EVERETT — Pat Benefiel learned to cook in seventh-grade home economics.

She soon became the primary cook in her family.

This past spring, the 67-year-old taught cooking and nutrition classes every school night at the Casino Road Community Center, a satellite program overseen by the Mukilteo YMCA.

She and her husband, Jim, have offered similar programs in the past at schools in the Casino Road area, and the Boys & Girls Club in Lake Stevens, where they live.

At first, the children at the YMCA weren’t sure what to think of her, she said. She would talk to them about how much sugar there is in soda, or ways to chop carrots into dipping sticks.

Pretty soon the children started helping, so much so that the Benefiels had to limit the number of kids who could participate in each session. She brought tablecloths and table settings and everyone ate together.

Many of the kids she cooked with had parents working multiple shifts, she said.

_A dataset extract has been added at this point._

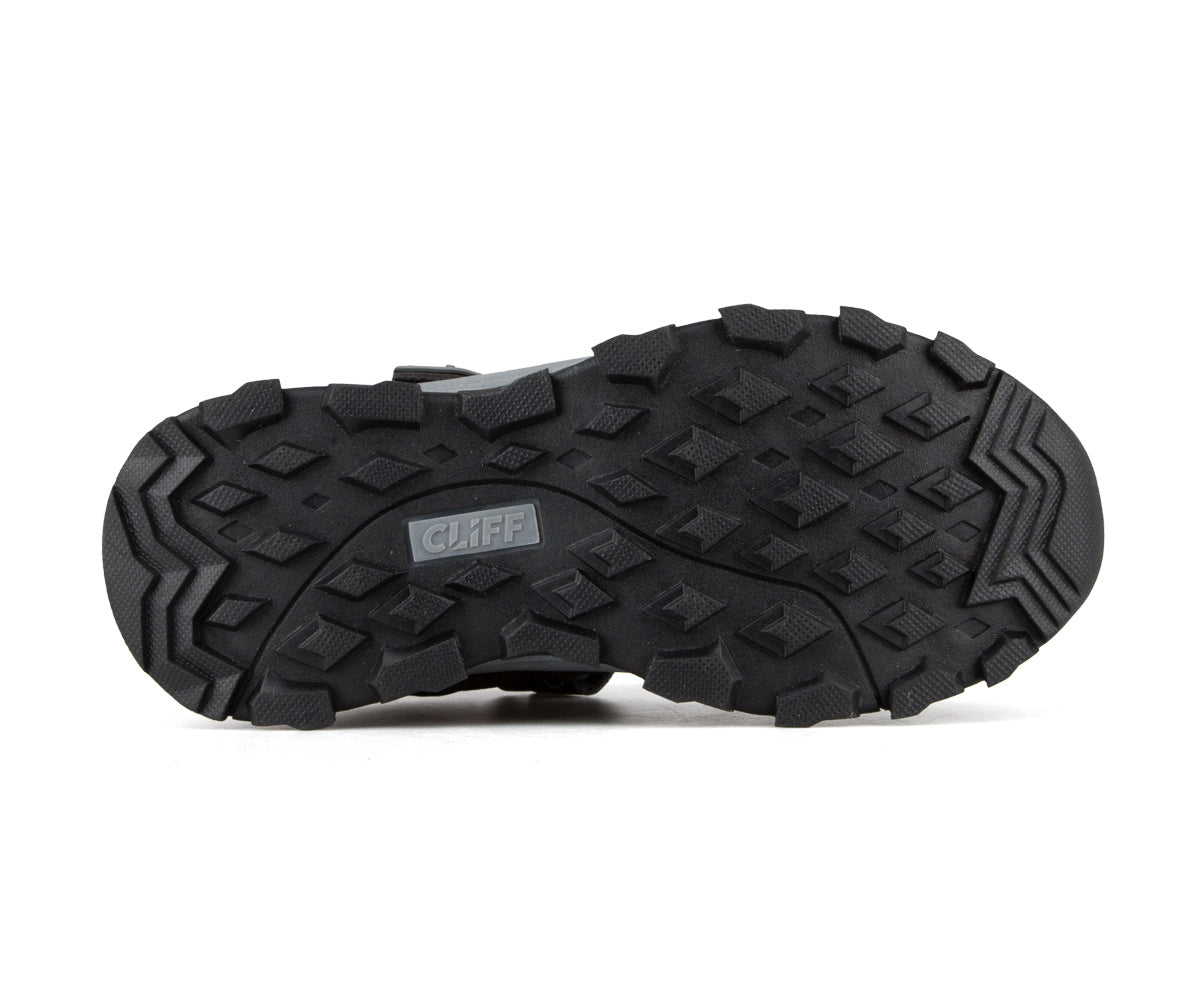 Cliff children's ankle boots - ARBOK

She knows what it’s like to grow up in a family where the kids and parents have different cultural experiences. Her mother is German, and her father was an American born to a Russian immigrant mother. They moved to the U.S. when Benefiel was 3. She remembers neighbors in the Rainier Valley area of Seattle who would tell her family to, “Go back to Germany.”

This spring, her classes were aimed at “mostly middle school and high school with an eye on the adults,” she said. “It’s a real popular thing.”

Recipes included vegetable wraps and pumpkin spread with whole wheat toast. She took inspiration for her volunteering from a Seattle program with a similar mission called Cooking Matters.

Benefiel is passionate about helping people cut back on processed foods and add more fruits and vegetables to their diets, she said. She worries about a world where every food seems to come “from a box or a can,” she said.

The classes at the Casino Road center wrapped up for summer and haven’t started again in the same fashion. Now, Benefiel is in talks with a community group in northeast Snohomish County about a cooking program there, also designed for young people. She’d like to see more volunteers get involved in that effort.

When she and Jim retired, they decided they had worked for many years for themselves, she said. It was time to focus on working for the good of others.

Rikki King: 425-339-3449; rking@heraldnet.com; @rikkiking.

How you can help

The YMCA Casino Road Community Center serves kids, teens and adults, including classes for new immigrants. Volunteers are needed in child care during weekday business hours. Donation needs include books for kids, board games, arts and crafts supplies, and food for daily snacks and meals. For more information on donations or volunteering, contact Alex Costumbrado at 425-493-2435.

To contact Pat Benefiel about helping with cooking classes, contact scifairmom@gmail.com.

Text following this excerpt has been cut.